To achieve its goal of being fast and lightweight, XMLTP/L does not try to do everything and acknowledges the following constraints and limitations as non-goals:
it uses a subset of XML (a full-fledge XML parser can parse XMLTP/L, but not the reverse);
it is not a universal transport for all datatypes;
it is not the most standardized or the most buzzwords-compliant technology to appear now, yesterday or tomorrow; and
it is not as easy to install as XML-RPC (which is less than 20KB of code in the Python 2.x standard installation).
XMLTP/L is much more boring than other XML protocols, such as SOAP or XML-RPC, or any newer web services protocols that will appear real-soon-now. But, if it fills someone's need for a non-proprietary, robust and flexible RPC protocol on their intranet, then that would be great.

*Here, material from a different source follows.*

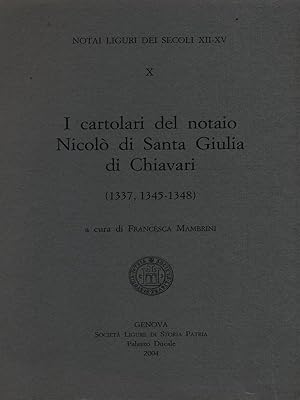 Bild des Verkufers fr I cartolari del notaio Nicolo' di Santa Giulia di Chiavari zum Verkauf von Librodifaccia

XMLTP/L should be appealing to people who use stored procedure calls and want more flexibility (like integrating multiple DBMS or building a custom non-SQL dataserver). It works for people who need some level of XML compliance without suffering response time greater than 300 or 500 ms, as is the norm for all the implementations of RPC-over-XML that I have tried so far. I have not tried all of them but enough to convince me to write a custom XML subset parser in Bison and C.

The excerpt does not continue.